In 1988, Scott’s son, Bryant Scott was hired as the label's General Manager. During the late 1980s and early 1990s, Tyscot Records experienced tremendous growth and success mostly due to the recordings of a new artist at that time named Rev. John P. Kee. Rev. Kee and his New Life Community Choir climbed the charts with each successive recording to land in the number one position in 1992 with the recording "We Walk By Faith".
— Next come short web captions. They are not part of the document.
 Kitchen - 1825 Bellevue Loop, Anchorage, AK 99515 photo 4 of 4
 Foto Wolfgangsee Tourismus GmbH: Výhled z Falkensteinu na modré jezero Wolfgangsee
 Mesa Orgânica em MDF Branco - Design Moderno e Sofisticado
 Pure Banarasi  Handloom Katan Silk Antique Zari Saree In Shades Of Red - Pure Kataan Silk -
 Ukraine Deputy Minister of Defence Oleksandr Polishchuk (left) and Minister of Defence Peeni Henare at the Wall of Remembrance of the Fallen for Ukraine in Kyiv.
The company faced a severe crisis in 1993 when their distributor, Spectra, filed for bankruptcy and left owing Tyscot Records over half a million dollars that had been generated from the sale of its products. This meant, in turn, that Tyscot Records would not be able to pay its artists or their bills.

"But each of our artists stayed with us and renewed their contracts even though there was no guarantee they would be compensated,” said Scott. As the 1990s progressed, Tyscot Records experienced tremendous success with John P. Kee, whose 1999 release, “Not Guilty”, sold more than 500,000 copies and gave Tyscot their first RIAA certified Gold Record.
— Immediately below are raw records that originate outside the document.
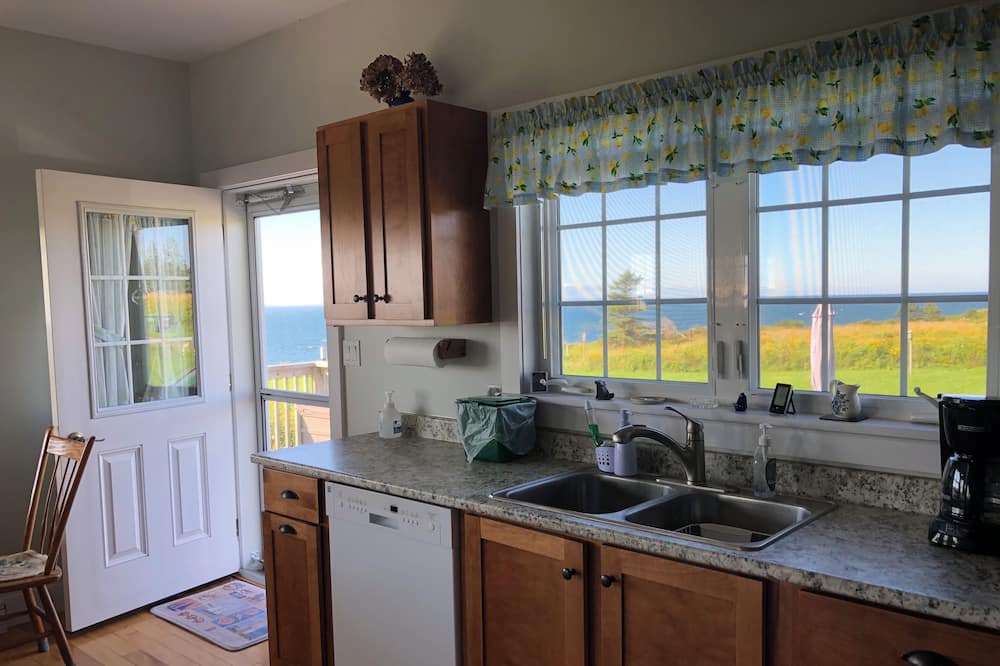 Photo of Kitchen in White Sands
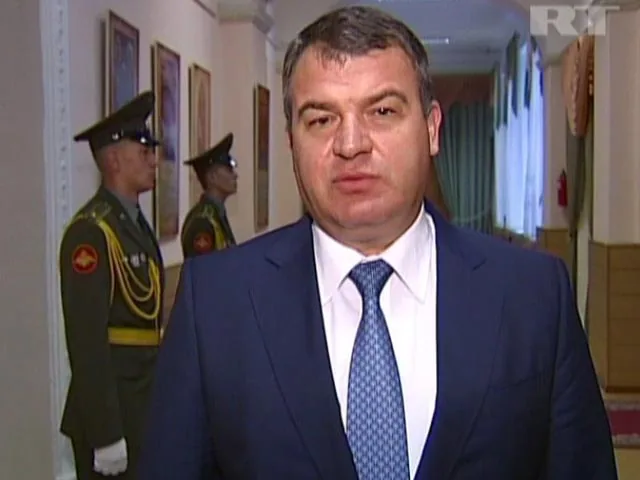 Министр обороны отказался работать дальше с Медведевым, устав от “вакханалии” Министр обороны отказался работать дальше с Медведевым, устав от "вакханалии"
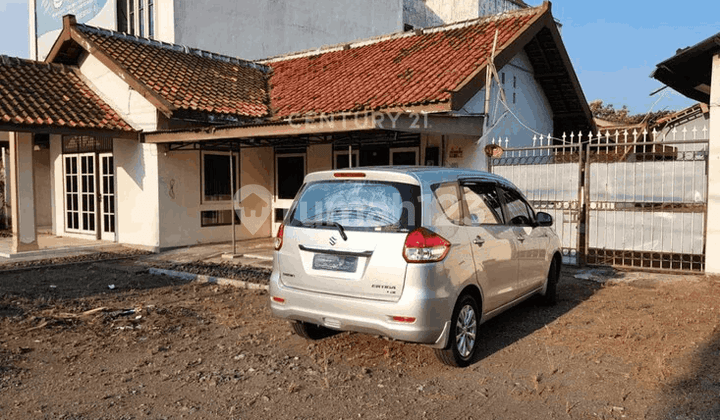 Rumah Luas di Ringroad Utara Dekat Bandara Adisucipto Untk Kantor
Today Tyscot Records has a roster of artists who boast a national and international following, including Deitrick Haddon and the Voices of Unity, the Rance Allen Group, Bishop Leonard Scott (founder of Tyscot Records), Shirley Murdock, Rodnie Bryant, Anointed Pace Sisters, Damita Haddon, Bishop Larry Trotter, Bishop Noel Jones and the City of Refuge Sanctuary Choir, VaShawn Mitchell, Morris Chapman, DeAndre Patterson, Lucinda Moore, Carman, and the Inner City Mass Choir.

Tyscot Recording Company is in the near north side of Indianapolis. The company staff consists of President, Executive Assistant, Senior Director of Marketing, VP of Promotions, A&R Representative, Marketing & Promotions Coordinator, contracted Public Relations personnel, interns and a host of volunteers. All Tyscot Records products are distributed by Ryko Distribution for the general market and Word Distribution for the CBA (Christian Booksellers Association) in association with Taseis Media Group.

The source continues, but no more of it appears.